- _Exercise material_
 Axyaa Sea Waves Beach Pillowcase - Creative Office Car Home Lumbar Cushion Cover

--

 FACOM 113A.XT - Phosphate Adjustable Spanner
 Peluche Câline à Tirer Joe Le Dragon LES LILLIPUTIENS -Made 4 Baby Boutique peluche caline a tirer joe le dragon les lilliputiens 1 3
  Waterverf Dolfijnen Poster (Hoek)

- _Problem_
Working from the data above, extract solely the lines from the one containing "Peluche Câline à" through the one containing "Waterverf Dolfijnen Poster (Hoek)", exactly as they appear, both included.

- _Answer below_
 Peluche Câline à Tirer Joe Le Dragon LES LILLIPUTIENS -Made 4 Baby Boutique peluche caline a tirer joe le dragon les lilliputiens 1 3
  Waterverf Dolfijnen Poster (Hoek)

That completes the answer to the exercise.